:: To do ::
From the line with "Marina Point, DAYTONA BEACH, FL 32114" to the end of the data below, restate each line word for word, both ends included, without the pictures.

:: Input for this task ::
———

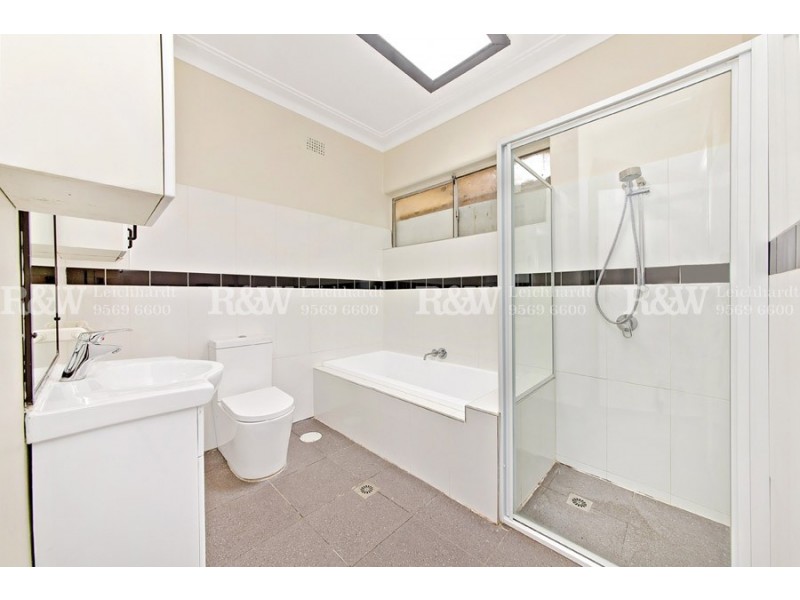 60A Rofe Street, Leichhardt NSW 2040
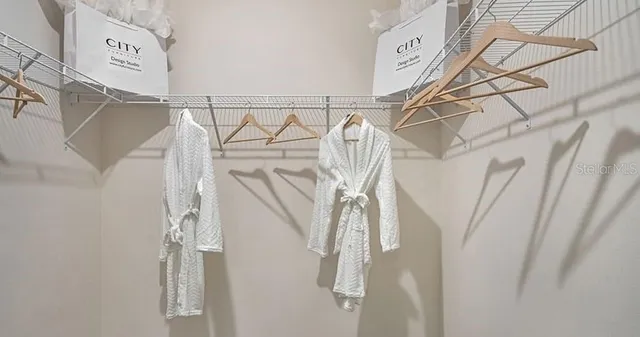 $2,699 | 2429 Maidens Bluff Avenue, Unit HAYDEN, Davenport, FL 33837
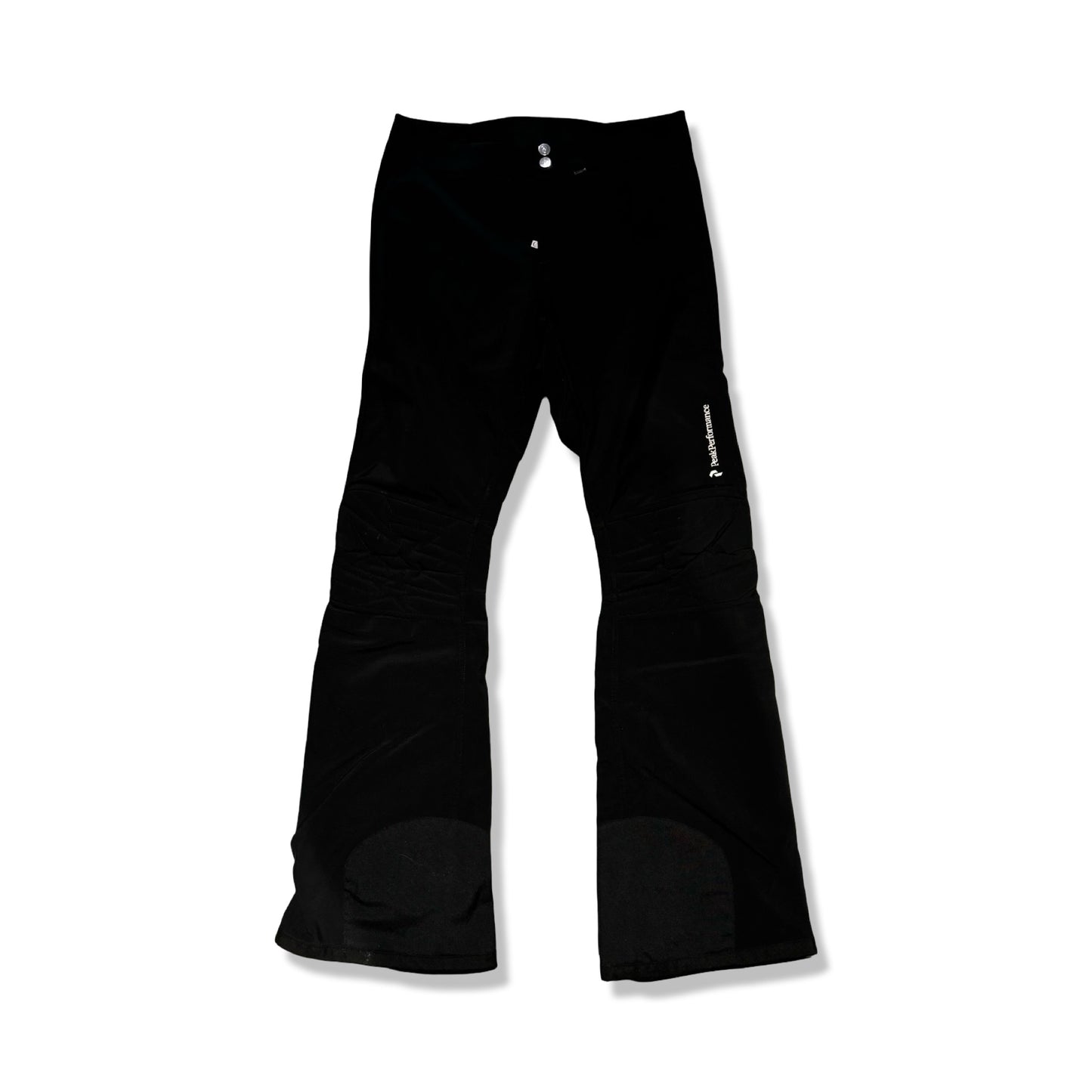 Skidbyxa Peak Performance Stretch Dam M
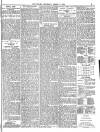 Globe Thursday 03 March 1904 Page 3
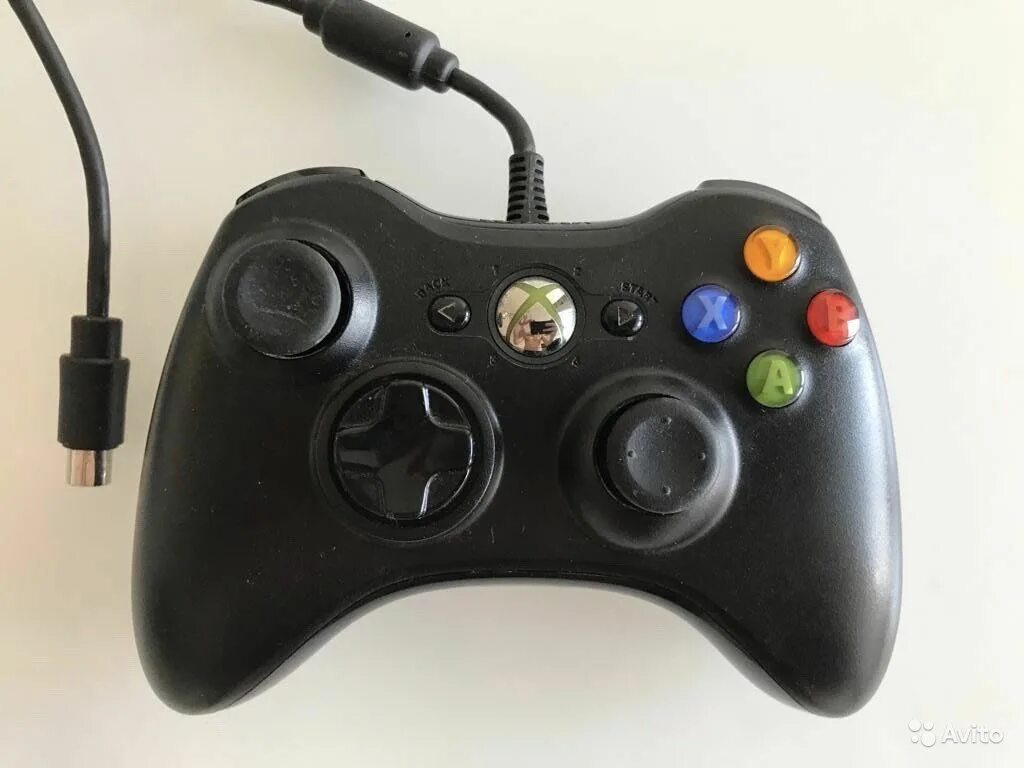 Xbox 360 геймпад беспроводной черный. Оригинальный джойстик xbox 360. Камуфляжный джойстик для xbox 360. Оригинальный геймпад xbox 360. Оригинальный джойстик xbox 360.
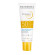 Bioderma Photoderm Creme SPF 50+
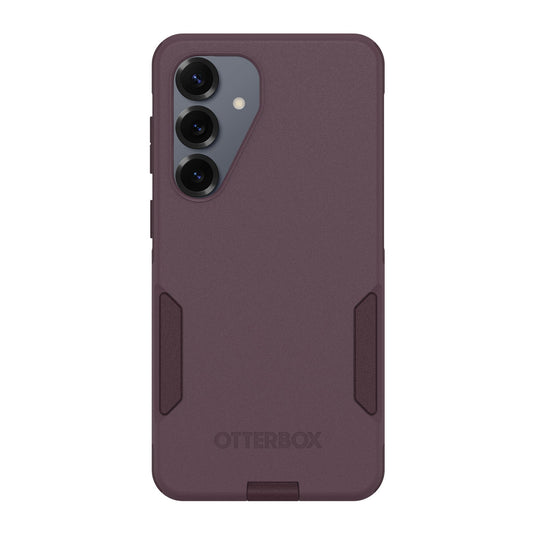 Samsung Galaxy S26+ Otterbox Commuter w/Magnets Case - Tailhead - Purple - 15-15193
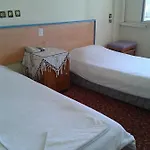 Ekinci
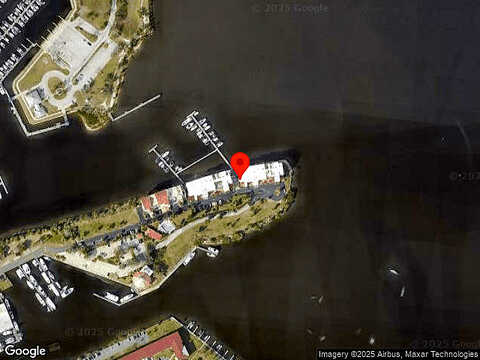 Marina Point, DAYTONA BEACH, FL 32114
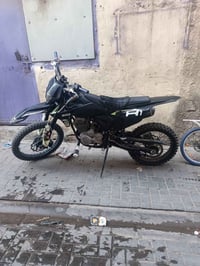 قفاز k2m • شغاله • بغداد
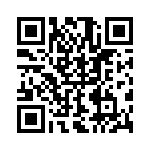 ABB60DHBD-S621 QRCode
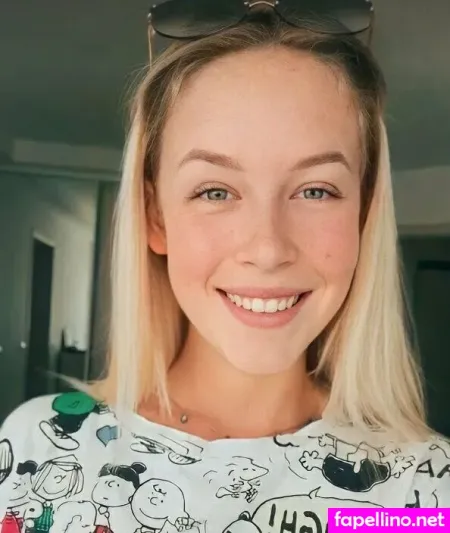 Eva Juicy OnlyFans Thumbnail #tGOiTvaPx3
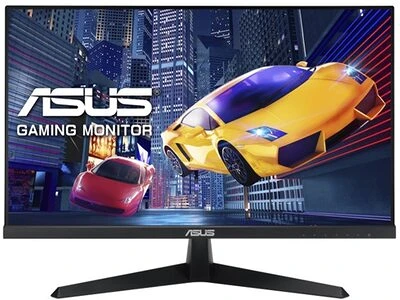 Asus VY249HGE nagyítás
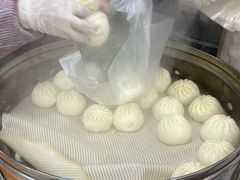 -郑家包子牛肉拉面(尚勤路店)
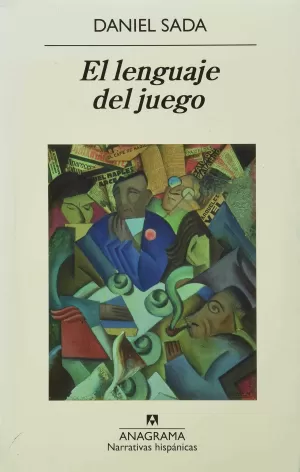 LENGUAJE DEL JUEGO, EL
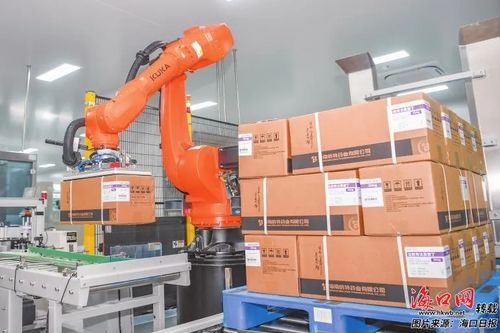 ?？跀?shù)字產(chǎn)業(yè)加速跑 數(shù)字基建 游戲出海 智能工廠領(lǐng)銜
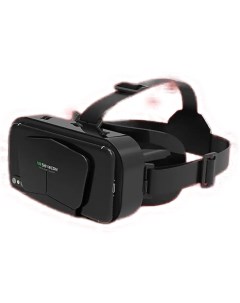 Очки виртуальной реальности для смартфона Nobrand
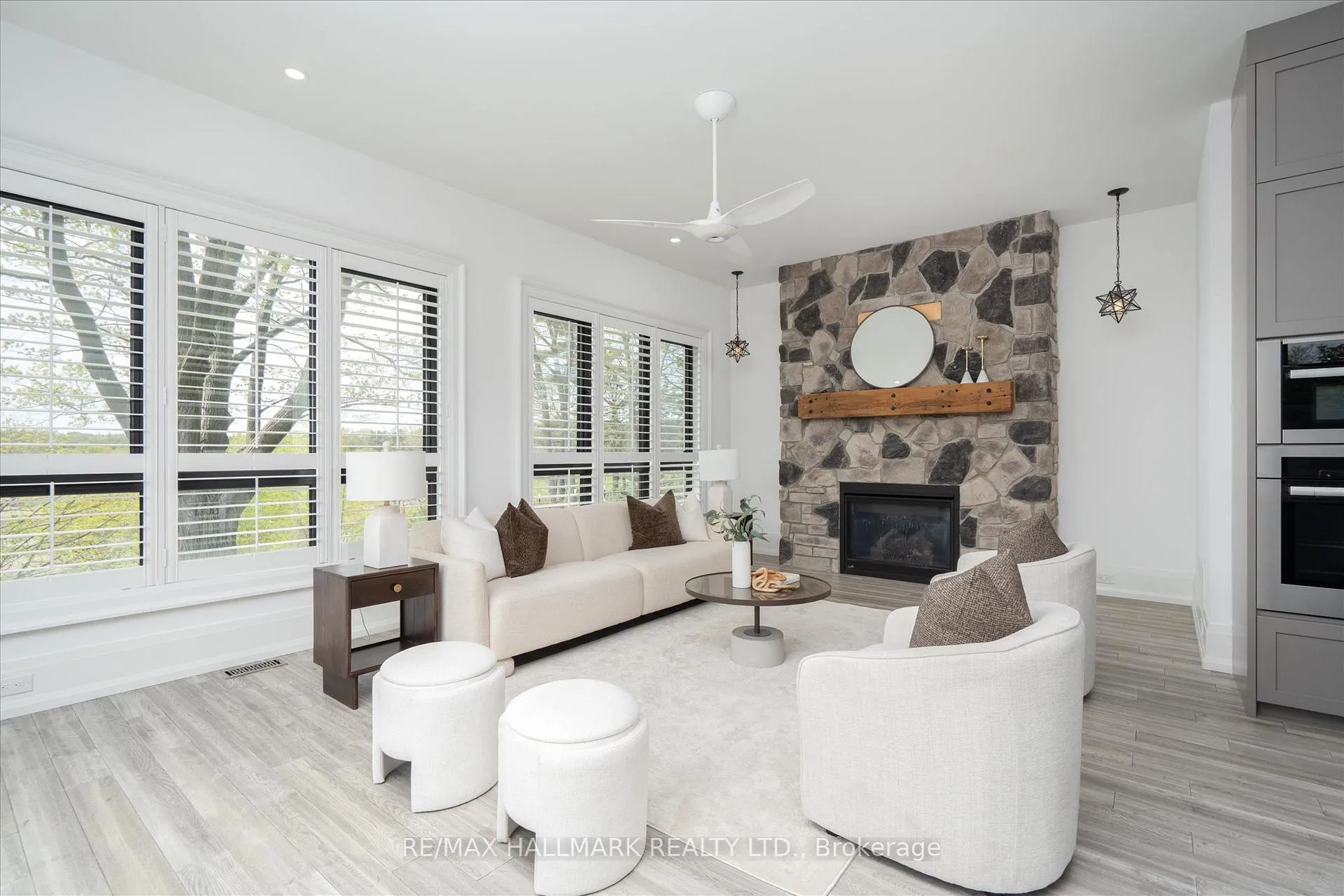 Photo 20 of 334 Dyson Road, Pickering, Rosebank — HOMEH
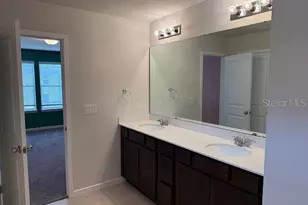 30169 Skylark Dr, Wesley Chapel, FL 33545 - Photo 11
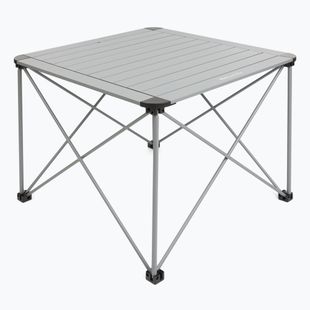 Masă turistică Naturehike Yamami L03 L titanum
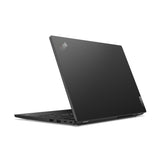 LENOVO ThinkPad L13 Gen 5 Laptop – Intel Core Ultra 7 155U / 16GB LPDDR5 / 512GB SSD / Intel Graphics – Sustainable Business Laptop
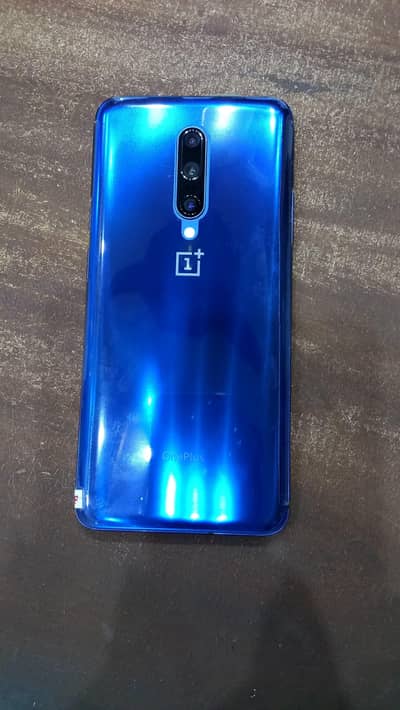 8+5/256 gb good condition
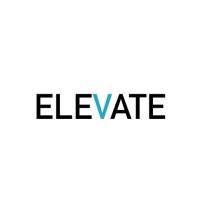 Elevate Capital Ltd Logo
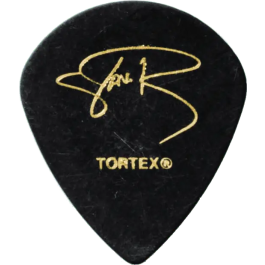 Dunlop Animals As Leaders Jazz III Púas Signature Javier Reyes - 0,73Mm Pack 6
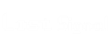 Tien Len logo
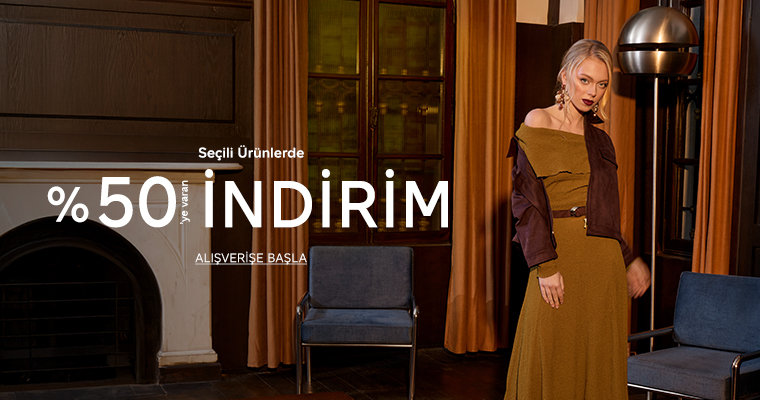 İndim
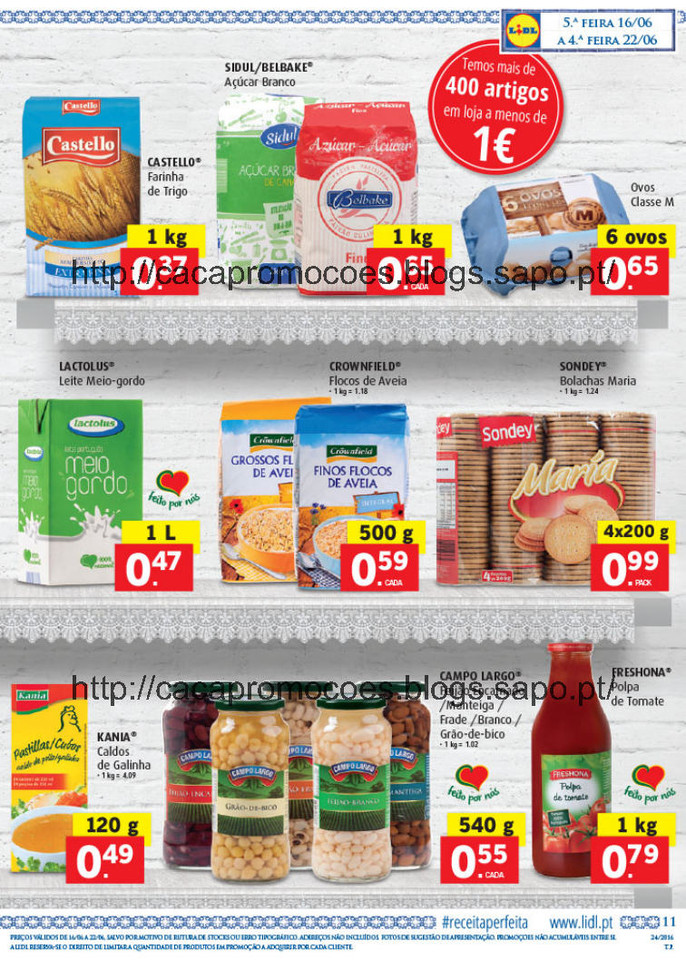 Promo__es_v_lidas_a_partir_de_16_06___Mais_para_si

———

:: Answer ::
 Marina Point, DAYTONA BEACH, FL 32114
 قفاز k2m • شغاله • بغداد
 ABB60DHBD-S621 QRCode
 Eva Juicy OnlyFans Thumbnail #tGOiTvaPx3
 Asus VY249HGE nagyítás
 -郑家包子牛肉拉面(尚勤路店)
 LENGUAJE DEL JUEGO, EL
 ?？跀?shù)字產(chǎn)業(yè)加速跑 數(shù)字基建 游戲出海 智能工廠領(lǐng)銜
 Очки виртуальной реальности для смартфона Nobrand
 Photo 20 of 334 Dyson Road, Pickering, Rosebank — HOMEH
 30169 Skylark Dr, Wesley Chapel, FL 33545 - Photo 11
 Masă turistică Naturehike Yamami L03 L titanum
 LENOVO ThinkPad L13 Gen 5 Laptop – Intel Core Ultra 7 155U / 16GB LPDDR5 / 512GB SSD / Intel Graphics – Sustainable Business Laptop
 8+5/256 gb good condition
 Elevate Capital Ltd Logo
 Dunlop Animals As Leaders Jazz III Púas Signature Javier Reyes - 0,73Mm Pack 6
 Tien Len logo
 İndim
 Promo__es_v_lidas_a_partir_de_16_06___Mais_para_si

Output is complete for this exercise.